The blame, Bowlsby said, does not entirely lie with the NCAA, which has been under fire for the way it handled - or mishandled, some would argue - a number of high-profile enforcement cases in recent years, including the Miami case where investigators broke the association’s own policies by enlisting the assistance of an attorney and essentially using her subpoena power (a tool the NCAA does not have) to help probe the Hurricanes’ involvement with a booster.
“Quite frankly, the NCAA and whatever it is today, we made it that way,” Bowlsby said. “It isn’t this one-eyed ogre in Indianapolis. It’s the collective decisions that all of us have collaborated to make. And whatever it is or isn’t, and there’s been a whole lot more good than bad, we made it that way. And it’s going to take a little while to unwind it.”
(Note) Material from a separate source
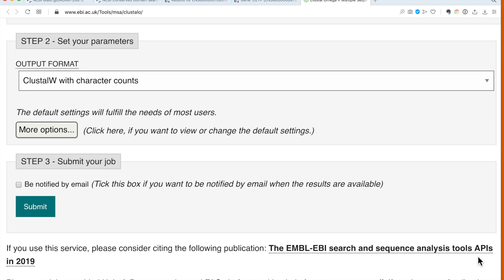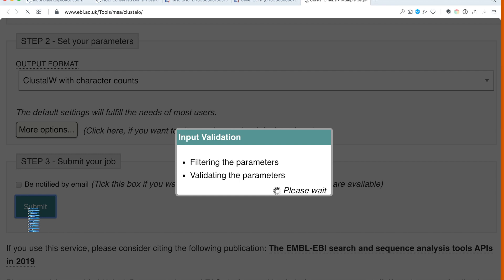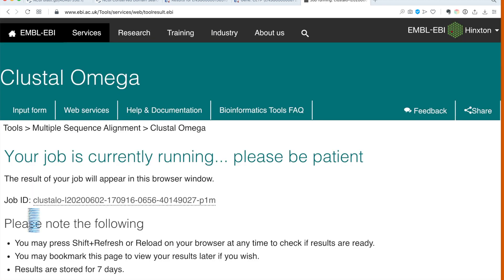We go with the default settings. Just clicking on go will get our job running, and we need to wait a couple of moments before we can see the results.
And he’s up for plenty of unwinding.
He spoke of the realignment craze that swept Division I over the past couple years. (“It certainly wasn’t our finest hour. We commoditized institutions of higher education and I think time will tell a lot of bad decisions were made,” Bowlsby said.) He soon moved on to the power of the power conferences, another hotly debated topic of late. (“They also win 90 percent of the NCAA championships,” said Bowlsby, the former Stanford athletic director.)
With that, Bowlsby was just getting started.
He never raised his voice, but nothing was out of bounds, either.
He wondered why recruiting rules haven’t seemed to keep up with technology, wondering aloud if the current system tends to be counterproductive, especially when it comes to the highest-profile prospects.
“Perhaps it’s time to think about more visits to campus and fewer trips to the high school,” Bowlsby said. “I don’t know how many of you even have a sense of how disruptive those can be at the high school for a high-profile recruit. Maybe it’s time to start paying for family members to come on official visits. Perhaps it’s a good idea to get kids to campus more than just once for 48 hours.”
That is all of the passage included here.